Oct 19th 1864
Your kind letter was recieved this morning and I will send a few lines in answer. There has been no Order sent to transfer us as I learned this morning & further more the Letter from Surgeon Dale or his clerk will do me no good; such I have been informed as to whether it has been sent or not I do not know.
I see no way but for me to wait the pleasure of the Surgeons here, when in the course of two or three weeks I may be Furloughed unless an Order for transfer comes. If Surgeon Dale should send an Order for my transfer to Readville: it would be perfectly strait, but I think you had better let it rest for the present, however you can do as you please. "Mentzer" is the name of the Surgeon in charge here & I suppose an Order to him for my transfer would receive immediate attention.
I have written to Lute & am in hopes to hear from him since his "time" must be nearly up the exact time I do not remember: I am glad you all intend writing for it seems a little more homier to get Letters once more.
Strange to say I have not heard from the Reg't. yet:1 Well: I never thought I have any great "Friend" there except "Berry" and he dont belong to Co I.2
I was out yesterday, P.M. and had a very good time although I am not able to rush round as I would like: I wonder when I will be O.k. as I used to be. Not very likely before I have two or three Months laying round. One thing, the longer I stay here before I get a Furlough the more time I have.
I'd give something to be at home "Election Day", so I would for I'm right on my "Politics". I shall take it as easy as possible and let things take their courses, for while there's Life there's Hope. Give my Love to all & tell Father & John especially to write.
With much Love & best wishes I'm as ever
Your Aff. Son
1 In the early morning hours of October 19, 1864, the day Henry wrote this letter, the Regiment suffered heavily at the Battle of Cedar Creek, losing 5 killed, 14 wounded and 35 captured or missing. Those from Company I (Henry's Company) included John Lacey from Milton, wounded, and Henry's friend, Elbridge Blackman, who was taken prisoner along with four others from the company. Most of the prisoners were sent to a prison stockade at Salisbury, N.C. The stockade, originally estimated to handle 1,500 to 2,000 prisoners, had swelled to 10,321 by the end of October 1864, after which prisoners began dying at an alarming rate — sometimes as many as seventy-five a day. Nine from Henry's regiment died and are buried there.
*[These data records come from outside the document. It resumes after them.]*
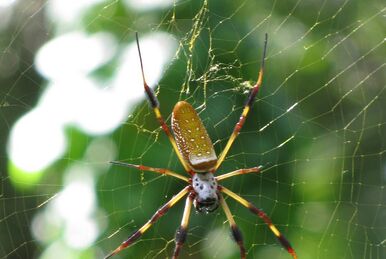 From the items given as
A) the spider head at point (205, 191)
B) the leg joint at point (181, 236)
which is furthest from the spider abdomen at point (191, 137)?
the leg joint at point (181, 236)

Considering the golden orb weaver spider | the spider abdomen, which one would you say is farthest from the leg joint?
the spider abdomen

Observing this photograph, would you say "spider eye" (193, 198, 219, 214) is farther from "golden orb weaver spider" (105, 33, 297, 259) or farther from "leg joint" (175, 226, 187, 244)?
"leg joint" (175, 226, 187, 244)

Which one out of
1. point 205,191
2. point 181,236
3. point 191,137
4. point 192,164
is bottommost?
point 181,236

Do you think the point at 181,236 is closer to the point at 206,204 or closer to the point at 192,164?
the point at 206,204

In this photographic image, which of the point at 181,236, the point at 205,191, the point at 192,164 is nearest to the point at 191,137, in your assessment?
the point at 192,164

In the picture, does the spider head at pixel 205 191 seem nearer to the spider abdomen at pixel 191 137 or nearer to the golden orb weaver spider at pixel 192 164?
the golden orb weaver spider at pixel 192 164

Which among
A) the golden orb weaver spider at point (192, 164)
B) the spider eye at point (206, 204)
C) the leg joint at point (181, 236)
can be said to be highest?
the golden orb weaver spider at point (192, 164)

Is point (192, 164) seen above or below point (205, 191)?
above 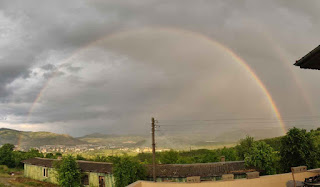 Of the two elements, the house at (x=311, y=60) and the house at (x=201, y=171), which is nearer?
the house at (x=311, y=60)

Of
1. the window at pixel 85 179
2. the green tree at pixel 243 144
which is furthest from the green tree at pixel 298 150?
the window at pixel 85 179

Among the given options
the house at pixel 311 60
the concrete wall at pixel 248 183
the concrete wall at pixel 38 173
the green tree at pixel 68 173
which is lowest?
the concrete wall at pixel 38 173

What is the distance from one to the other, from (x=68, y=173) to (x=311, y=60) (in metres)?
32.1

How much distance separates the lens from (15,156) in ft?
212

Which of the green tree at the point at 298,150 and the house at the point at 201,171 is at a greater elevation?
the green tree at the point at 298,150

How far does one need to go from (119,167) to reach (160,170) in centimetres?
644

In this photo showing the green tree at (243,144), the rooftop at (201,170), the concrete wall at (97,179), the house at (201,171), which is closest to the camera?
the house at (201,171)

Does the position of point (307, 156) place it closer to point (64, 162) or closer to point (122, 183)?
point (122, 183)

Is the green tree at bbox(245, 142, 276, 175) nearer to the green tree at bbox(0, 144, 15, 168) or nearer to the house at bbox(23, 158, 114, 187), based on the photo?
the house at bbox(23, 158, 114, 187)

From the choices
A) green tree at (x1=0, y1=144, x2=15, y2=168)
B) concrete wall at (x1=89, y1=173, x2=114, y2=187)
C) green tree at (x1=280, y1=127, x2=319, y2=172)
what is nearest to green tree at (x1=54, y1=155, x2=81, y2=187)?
concrete wall at (x1=89, y1=173, x2=114, y2=187)

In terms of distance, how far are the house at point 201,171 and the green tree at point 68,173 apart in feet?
34.1

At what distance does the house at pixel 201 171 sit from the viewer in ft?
86.8

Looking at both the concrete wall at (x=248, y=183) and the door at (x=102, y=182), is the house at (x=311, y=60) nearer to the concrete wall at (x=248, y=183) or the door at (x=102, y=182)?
the concrete wall at (x=248, y=183)

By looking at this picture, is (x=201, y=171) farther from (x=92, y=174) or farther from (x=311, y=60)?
(x=311, y=60)
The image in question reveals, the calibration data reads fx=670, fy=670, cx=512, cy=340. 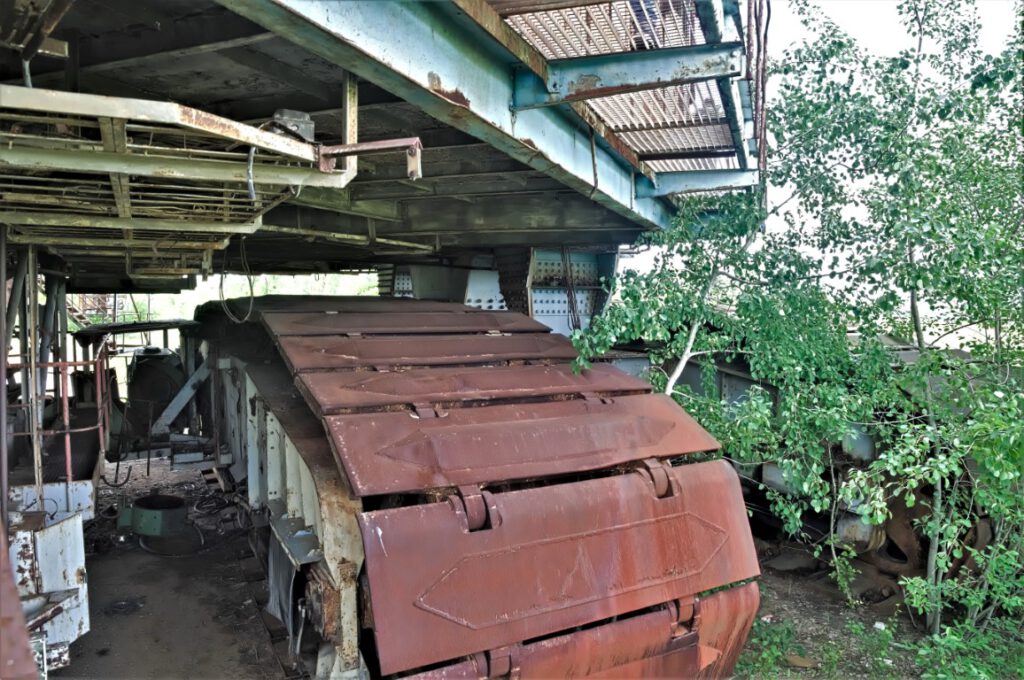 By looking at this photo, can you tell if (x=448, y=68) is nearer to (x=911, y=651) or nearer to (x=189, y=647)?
(x=189, y=647)

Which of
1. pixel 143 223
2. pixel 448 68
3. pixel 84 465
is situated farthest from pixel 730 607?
pixel 84 465

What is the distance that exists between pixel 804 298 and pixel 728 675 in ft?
9.32

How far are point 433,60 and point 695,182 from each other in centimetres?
372

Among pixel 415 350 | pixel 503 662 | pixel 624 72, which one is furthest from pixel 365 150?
pixel 503 662

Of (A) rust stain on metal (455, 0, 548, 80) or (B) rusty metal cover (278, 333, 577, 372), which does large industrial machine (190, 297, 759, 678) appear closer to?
(B) rusty metal cover (278, 333, 577, 372)

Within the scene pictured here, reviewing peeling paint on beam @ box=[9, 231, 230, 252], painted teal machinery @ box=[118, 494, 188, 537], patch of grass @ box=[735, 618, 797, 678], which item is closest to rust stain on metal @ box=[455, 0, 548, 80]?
peeling paint on beam @ box=[9, 231, 230, 252]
2 John and James Berry, brothers from Scituate, were members of Co. G. It is uncertain which brother was Henry's "great friend" — both survived the war. See also Henry's October 12, 1863 letter where he states; "(of) the Milton Boys who came out with me, only a few are left" and in that letter he considers Blackman "a real sensible fellow & many a good time I have talking with him...." Elbridge Blackman and J Walter Bradley, Milton residents, fellow soldiers and close acquaintances, would both later submit sworn affidavits in support of Henry's pension application.